#### Task objective
From the line with "this 500×237 image." to the final line of the records, every line is to be duplicated exactly, both of those lines included.

□ □ □ □ □

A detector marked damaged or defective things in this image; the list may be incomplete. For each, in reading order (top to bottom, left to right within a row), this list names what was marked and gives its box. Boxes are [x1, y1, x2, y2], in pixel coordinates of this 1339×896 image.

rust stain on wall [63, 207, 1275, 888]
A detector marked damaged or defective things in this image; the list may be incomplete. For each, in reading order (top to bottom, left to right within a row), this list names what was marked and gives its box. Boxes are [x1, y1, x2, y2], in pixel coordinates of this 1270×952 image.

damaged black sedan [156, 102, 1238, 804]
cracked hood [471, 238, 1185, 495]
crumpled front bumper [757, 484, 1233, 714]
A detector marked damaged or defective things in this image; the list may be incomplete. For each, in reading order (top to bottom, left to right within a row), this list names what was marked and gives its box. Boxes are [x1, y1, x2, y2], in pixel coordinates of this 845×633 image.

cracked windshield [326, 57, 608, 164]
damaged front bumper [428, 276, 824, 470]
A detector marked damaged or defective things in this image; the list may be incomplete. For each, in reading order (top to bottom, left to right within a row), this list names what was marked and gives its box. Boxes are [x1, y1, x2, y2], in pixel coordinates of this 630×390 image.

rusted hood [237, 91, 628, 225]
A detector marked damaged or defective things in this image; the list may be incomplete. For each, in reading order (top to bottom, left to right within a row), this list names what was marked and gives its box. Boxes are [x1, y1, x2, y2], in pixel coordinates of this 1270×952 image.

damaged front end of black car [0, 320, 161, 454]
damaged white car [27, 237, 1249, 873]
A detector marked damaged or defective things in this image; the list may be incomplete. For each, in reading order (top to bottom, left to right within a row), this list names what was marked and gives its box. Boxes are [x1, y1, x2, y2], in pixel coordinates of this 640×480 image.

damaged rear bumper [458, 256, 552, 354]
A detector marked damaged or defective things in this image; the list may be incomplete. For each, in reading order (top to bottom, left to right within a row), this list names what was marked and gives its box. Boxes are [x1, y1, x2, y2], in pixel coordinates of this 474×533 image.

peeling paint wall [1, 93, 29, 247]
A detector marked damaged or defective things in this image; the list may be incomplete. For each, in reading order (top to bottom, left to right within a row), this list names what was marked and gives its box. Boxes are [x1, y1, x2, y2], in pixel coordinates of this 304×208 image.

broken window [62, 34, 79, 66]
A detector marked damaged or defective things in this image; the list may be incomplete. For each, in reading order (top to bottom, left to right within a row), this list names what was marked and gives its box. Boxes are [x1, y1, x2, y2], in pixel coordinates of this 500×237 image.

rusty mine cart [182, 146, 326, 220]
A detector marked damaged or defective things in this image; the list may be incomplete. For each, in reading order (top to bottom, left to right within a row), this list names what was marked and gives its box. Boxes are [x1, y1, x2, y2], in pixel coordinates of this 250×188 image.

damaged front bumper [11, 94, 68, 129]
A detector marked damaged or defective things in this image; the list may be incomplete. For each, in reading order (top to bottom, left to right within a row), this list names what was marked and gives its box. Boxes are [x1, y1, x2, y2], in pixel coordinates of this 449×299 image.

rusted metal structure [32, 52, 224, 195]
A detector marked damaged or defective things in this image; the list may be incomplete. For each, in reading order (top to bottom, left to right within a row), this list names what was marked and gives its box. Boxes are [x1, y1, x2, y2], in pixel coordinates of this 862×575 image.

□ □ □ □ □

#### Exercise result
A detector marked damaged or defective things in this image; the list may be incomplete. For each, in reading order (top to bottom, left to right within a row), this list names what was marked and gives its box. Boxes are [x1, y1, x2, y2], in pixel coordinates of this 500×237 image.

rusty mine cart [182, 146, 326, 220]
A detector marked damaged or defective things in this image; the list may be incomplete. For each, in reading order (top to bottom, left to right within a row), this list names what was marked and gives its box. Boxes are [x1, y1, x2, y2], in pixel coordinates of this 250×188 image.

damaged front bumper [11, 94, 68, 129]
A detector marked damaged or defective things in this image; the list may be incomplete. For each, in reading order (top to bottom, left to right within a row), this list names what was marked and gives its box. Boxes are [x1, y1, x2, y2], in pixel coordinates of this 449×299 image.

rusted metal structure [32, 52, 224, 195]
A detector marked damaged or defective things in this image; the list may be incomplete. For each, in reading order (top to bottom, left to right within a row), this list names what was marked and gives its box. Boxes are [x1, y1, x2, y2], in pixel coordinates of this 862×575 image.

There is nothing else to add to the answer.